### How to complete this task
Each record that follows should be duplicated exactly, except for its pictures.

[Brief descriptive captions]
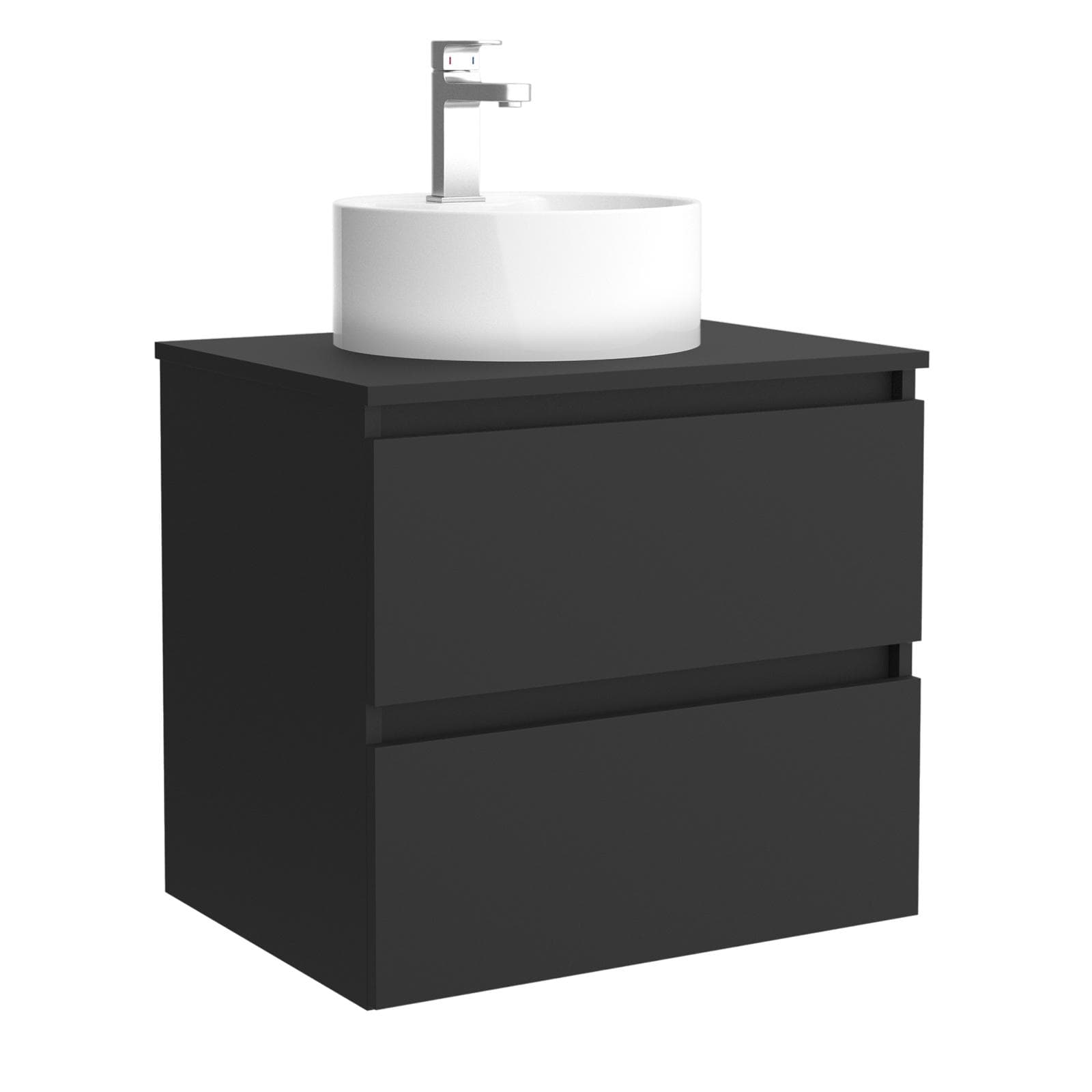 Mobile bagno portalavabo 60 cm nero opaco con cassetti e specchio - Anami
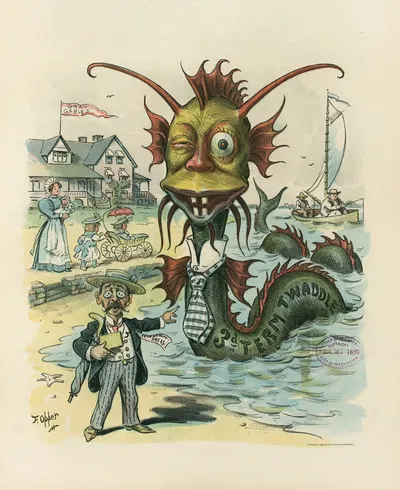 The sea-serpent season upon us again by Frederick Burr Opper, 1895 — digital art print download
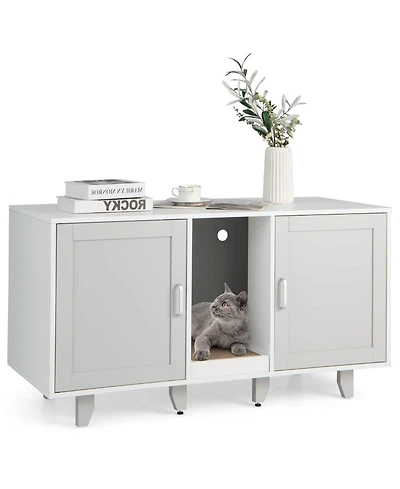 2-Door Cat Litter Box Enclosure with Winding Entry and Scratching Board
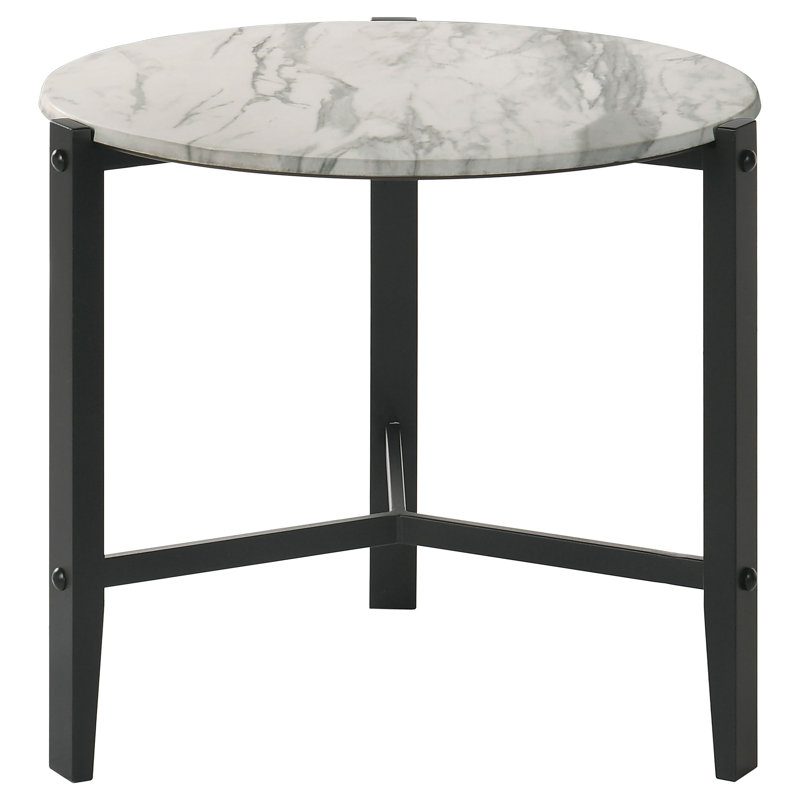 Zeina Round Faux Marble Side End Table White and Black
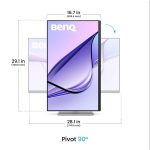 BenQ Monitor 32" - MA320U (IPS, MAC, 16:9, 3840x2160, 5ms, 400cd/m2, 2xHDMI, USB, Speaker, Pivot, mag.áll., VESA) - Image 5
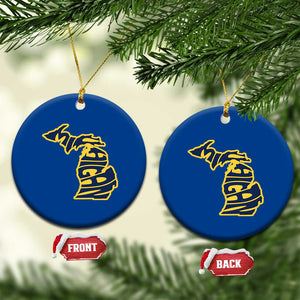 Michigan Lover State Map Pride Souvenir Gift Ceramic Ornament TS12 1pc Blue Print Your Wear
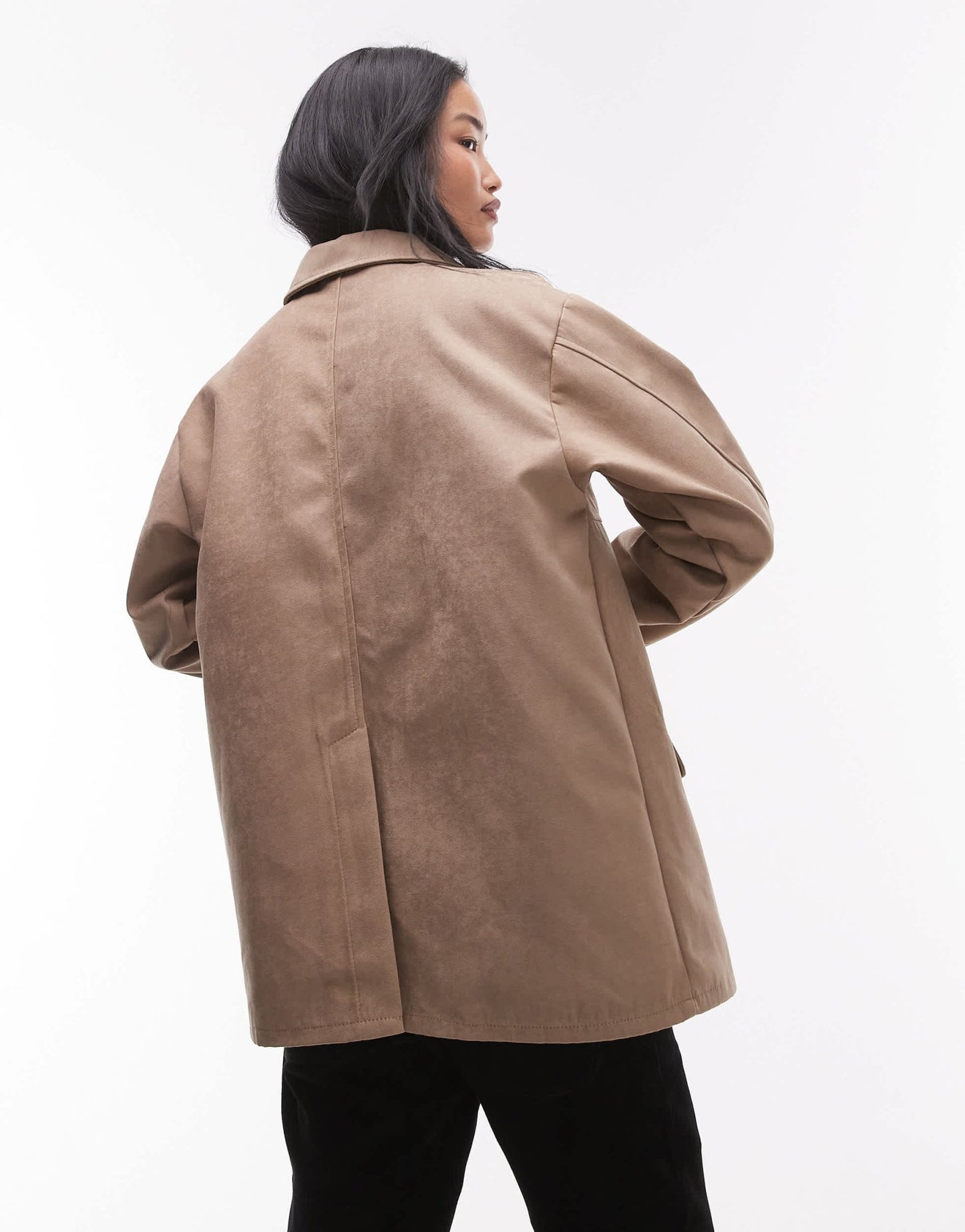 Topshop faux suede relaxed jacket in light beige - ASOS Sample Sale EU Store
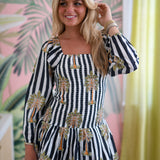 Annie Smocked Mini Dress - Navy/White Palm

### Your response
 Mobile bagno portalavabo 60 cm nero opaco con cassetti e specchio - Anami
 The sea-serpent season upon us again by Frederick Burr Opper, 1895 — digital art print download
 2-Door Cat Litter Box Enclosure with Winding Entry and Scratching Board
 Zeina Round Faux Marble Side End Table White and Black
 BenQ Monitor 32" - MA320U (IPS, MAC, 16:9, 3840x2160, 5ms, 400cd/m2, 2xHDMI, USB, Speaker, Pivot, mag.áll., VESA) - Image 5
 Michigan Lover State Map Pride Souvenir Gift Ceramic Ornament TS12 1pc Blue Print Your Wear
 Topshop faux suede relaxed jacket in light beige - ASOS Sample Sale EU Store
 Annie Smocked Mini Dress - Navy/White Palm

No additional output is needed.